= Heterolysis (chemistry) =

Breaking a molecular bond such that both electrons remain with one species

In chemistry, heterolysis or heterolytic fission (from Greek ἕτερος (heteros) 'different' and λύσις (lusis) 'loosening') is the process of cleaving/breaking a covalent bond where one previously bonded species takes both original bonding electrons from the other species. During heterolytic bond cleavage of a neutral molecule, a cation and an anion will be generated. Most commonly the more electronegative atom keeps the pair of electrons becoming anionic while the more electropositive atom becomes cationic.

Heterolytic fission almost always happens to single bonds; the process usually produces two fragment species.

The energy required to break the bond is called the heterolytic bond dissociation energy, which is similar (but not equivalent) to homolytic bond dissociation energy commonly used to represent the energy value of a bond.

One example of the differences in the energies is the energy required to break a H\sH bond
| H2 -> 2H. | | ΔH = 104 kcal/mol |
| H2 -> H+ + H- | | ΔH = 66 kcal/mol (in water) |

== History ==
The discovery and categorization of heterolytic bond fission was clearly dependent on the discovery and categorization of the chemical bond.

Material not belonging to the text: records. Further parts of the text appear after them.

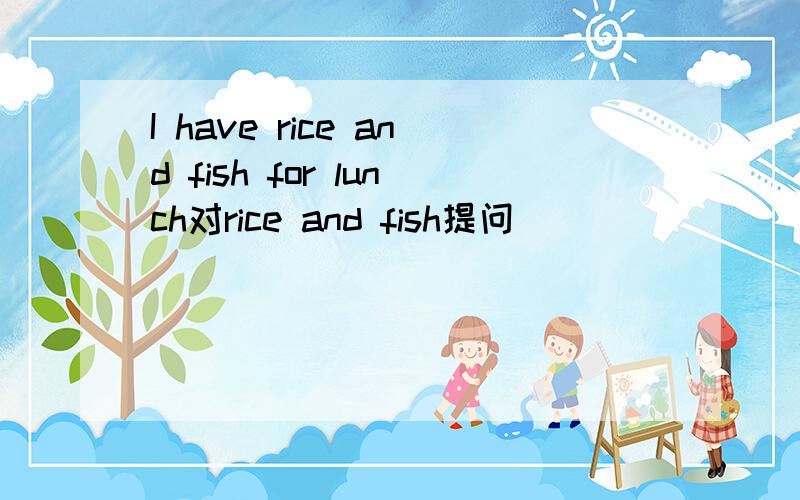 I have rice and fish for lunch对rice and fish提问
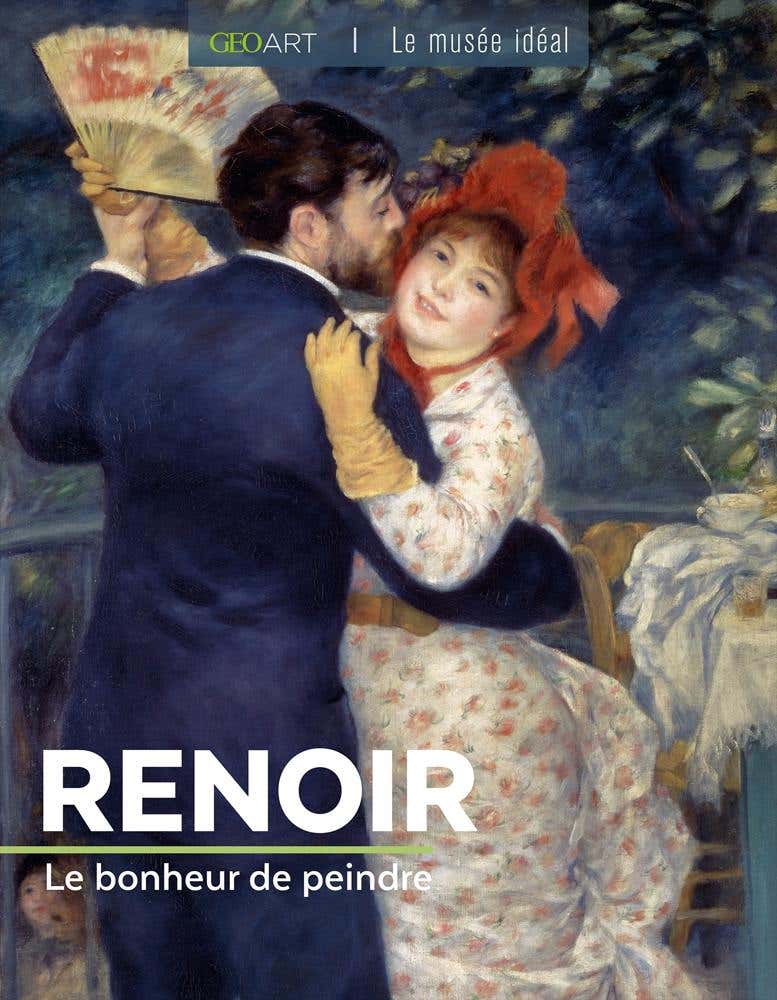 Renoir (le Bonheur de Peindre)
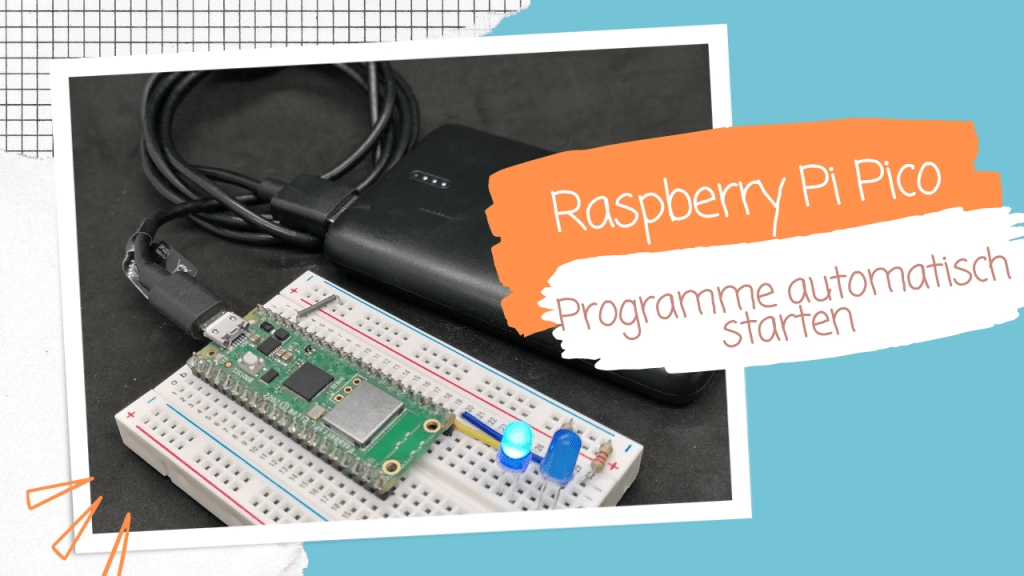 Raspberry Pi Pico - Programme automatisch starten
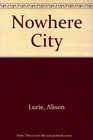 Nowhere City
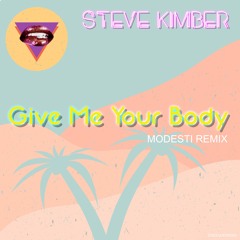 Steve Kimber - Give Me Your Body (Modesti Remix) [Discoholics Anonymous Recordings]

In 1916, chemist Gilbert N. Lewis developed the concept of the electron-pair bond, in which two atoms share one to six electrons, thus forming the single electron bond, a single bond, a double bond, or a triple bond. This became the model for a covalent bond.

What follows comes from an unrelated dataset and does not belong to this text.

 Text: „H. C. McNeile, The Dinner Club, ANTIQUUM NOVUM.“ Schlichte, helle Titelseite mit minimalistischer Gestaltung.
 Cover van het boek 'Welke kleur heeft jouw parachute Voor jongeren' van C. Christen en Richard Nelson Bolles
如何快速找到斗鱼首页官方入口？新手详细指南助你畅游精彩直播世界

In 1932 Linus Pauling first proposed the concept of electronegativity, which also introduced the idea that electrons in a covalent bond may not be shared evenly between the bonded atoms.

However, the ions had been studied before bonds mainly by Svante Arrhenius in his 1884 dissertation. Arrhenius pioneered development of ionic theory and proposed definitions for acids as molecules that produced hydrogen ions, and bases as molecules that produced hydroxide ions.

== Solvation effects ==
The rate of reaction for many reactions involving unimolecular heterolysis depends heavily on rate of ionization of the covalent bond. The limiting reaction step is generally the formation of ion pairs. One group in Ukraine did an in-depth study on the role of nucleophilic solvation and its effect on the mechanism of bond heterolysis. They found that the rate of heterolysis depends strongly on the nature of the solvent.

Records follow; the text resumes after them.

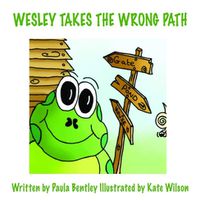 Cover image for Wesley Takes the Wrong Path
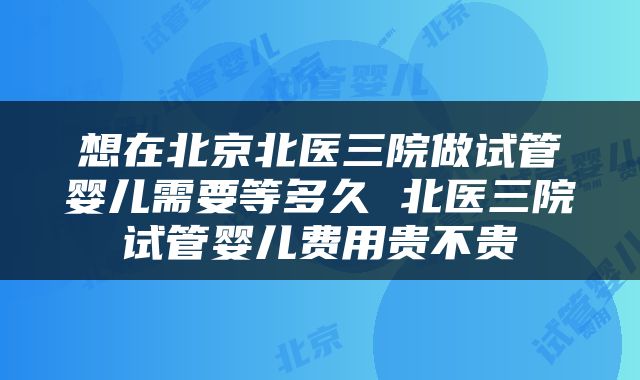 想在北京北医三院做试管婴儿需要等多久 北医三院试管婴儿费用贵不贵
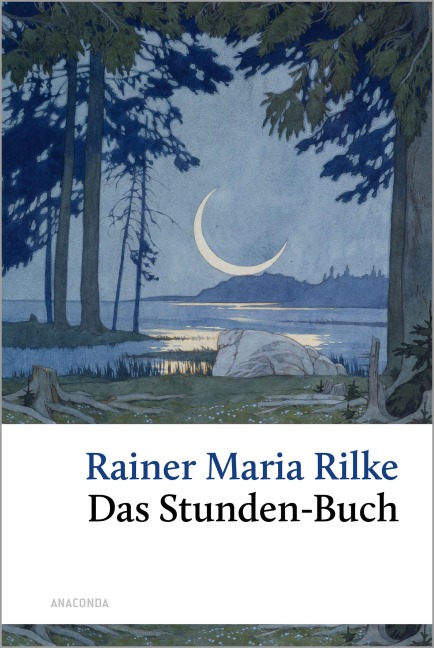 Das Stunden-Buch - Rainer Maria Rilke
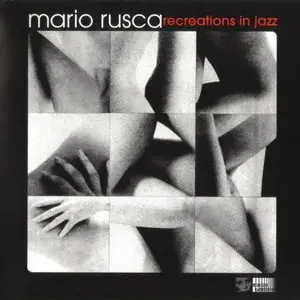 Mario Rusca - Recreations In Jazz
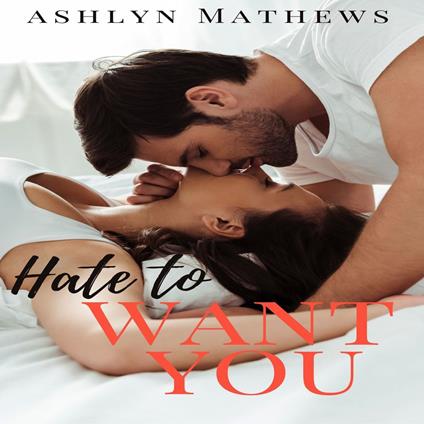 Hate To Want You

For example, a change of reaction medium from hexane to water increases the rate of tert-Butyl chloride (t-BuCl) heterolysis by 14 orders of magnitude. This is caused by very strong solvation of the transition state. The main factors that affect heterolysis rates are mainly the solvent's polarity and electrophilic as well as its ionizing power. The polarizability, nucleophilicity and cohesion of the solvent had a much weaker effect on heterolysis.

However, there is some debate on effects of the nucleophilicity of the solvent, some papers claim it has no effect, while some papers claim that more nucleophilic solvents decrease the reaction rate.